For any brand, editor or influencer who's invested in making fashion a more sustainable industry, figuring out how to talk about environmental concerns in a way that actually inspires people to take action can be tricky.
According to Dr. Daniel L. Benkendorff, an associate professor of philosophy at FIT whose classes focus on psychology, the problem with translating sustainability concerns into action has little to do with a lack of awareness of the problem.
"Large surveys suggest that most people are aware of climate change and environmental degradation on some level," he said on Tuesday at FIT's annual Sustainable Business and Design Conference in New York City. "About 70 percent of Americans believe that global warming is happening, and about the same number believe it will cause harm to future generations of people and to other species."
And while that awareness has translated into some widespread behavioral modification — like the fact that recycling paper and plastic has become commonplace — it hasn't made a big enough dent in human contributions to global warming.
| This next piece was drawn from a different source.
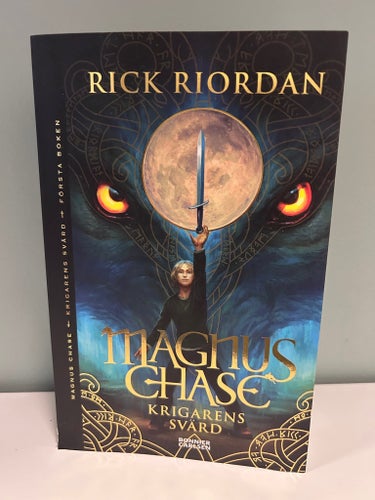 Magnus Chase Krigarens Svärd av Rick Riordan, 2015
So if we know we're killing the planet we're living on, why won't we stop? According to Benkendorff, part of the problem arises from the fact that news about climate change creates the "wrong kind of fear." Unlike the action-inducing fight or flight mode aroused by obviously immediate danger, climate change's slower pace is more likely to cause a slow burn of anxiety, which Benkendorff says "isn't so helpful" and may lead to denial or other coping mechanisms, rather than action.
For ethical fashion advocates, that means that communicating a message of hope, rather than despair, is important for inspiring consumer action.
"This doesn't involve lying about climate change or avoiding the truth, but when you talk about climate change... it's important to talk about the possibility of solving it," Benkendorff said.
Beyond highlighting the potential for solutions to the climate change problem, Benkendorff offered two other pieces of advice for those seeking to inspire more sustainable lifestyles in their customers, readers or general spheres of influence. One was to encourage them to seek out like-minded people — a move that fulfills the deep human need for connection as well as making individual activism efforts more effective.
"Find your community and act locally," he advised. "There's an avalanche of psychological research that tells us that human beings work better together than in isolation… If you can join a group, you'll feel like you're getting something done."
Finally, Benkendorff said it's important to start with small changes. Maybe a consumer won't completely adopt sustainable shopping habits overnight, but encouraging them to take one step — like learning to thrift or seeking out organic cotton — can start a chain reaction in their life.
"We want to change all of our bad behaviors all at once, and that's unproductive, because it's really hard," he said. "Try one small change, and reward yourself when you do better. If you can do that, you can move onto the next change."